The court found "no situation where an indigent person is entitled to appointed trial counsel and denied counsel on appeal from an adverse judgment.... If skilled counsel is needed to protect the indigent parent's rights at trial and preserve issues for appeal, it follows skilled appellate counsel should examine that record for claims of error." (Appellate Defenders, supra, 35 Cal.App.4th at p. 1826, 42 Cal.Rptr.2d 195.)

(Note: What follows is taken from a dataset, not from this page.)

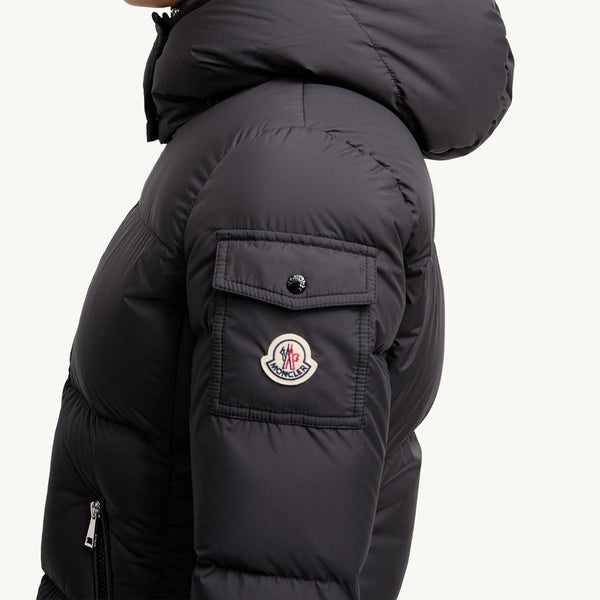 Fourmines Hooded Short Down Jacket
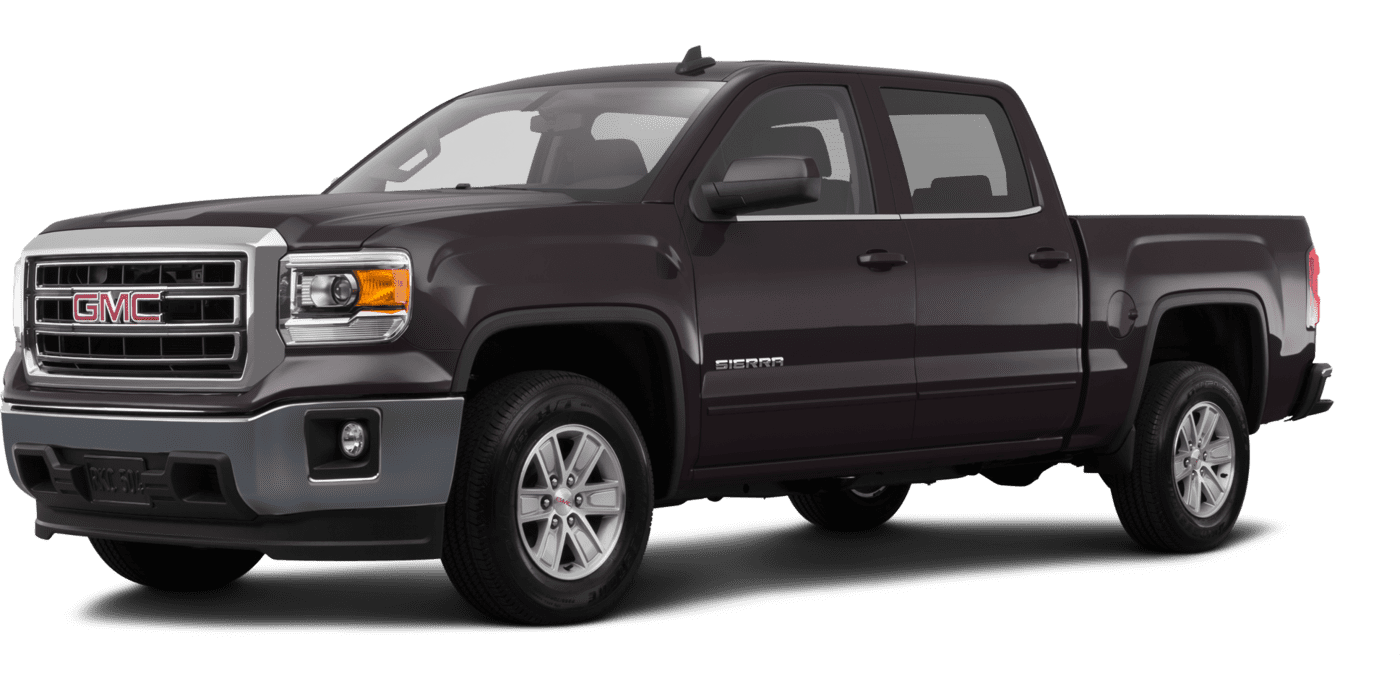 2015 GMC Sierra 1500 SLE — Pickup Truck — 76,120 mi — Scottsdale, AZ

Father has asked us to judicially notice legislative materials concerning the bill that led to the enactment of what is today section 7895, including those considered in Appellate Defenders, supra, 35 Cal.App.4th 1819, 42 Cal.Rptr.2d 195. We grant the motion. (Evid.Code, §§ 452, subds. (c), (h), 459, subd. (a); Ford & Vlahos v. ITT Commercial Finance Corp. (1994) 8 Cal.4th 1220, 1226, 36 Cal.Rptr.2d 464, 885 P.2d 877.) As the court in Appellate Defenders, supra, 35 Cal.App.4th 1819, 42 Cal.Rptr.2d 195, found, the materials, including analyses of both the Senate and Assembly Committees on the Judiciary, show an intent to codify the rule of Jacqueline H., supra, 21 Cal.3d 170, 145 Cal.Rptr. 548, 577 P.2d 683. They do not, however, evidence an intent to expand that rule.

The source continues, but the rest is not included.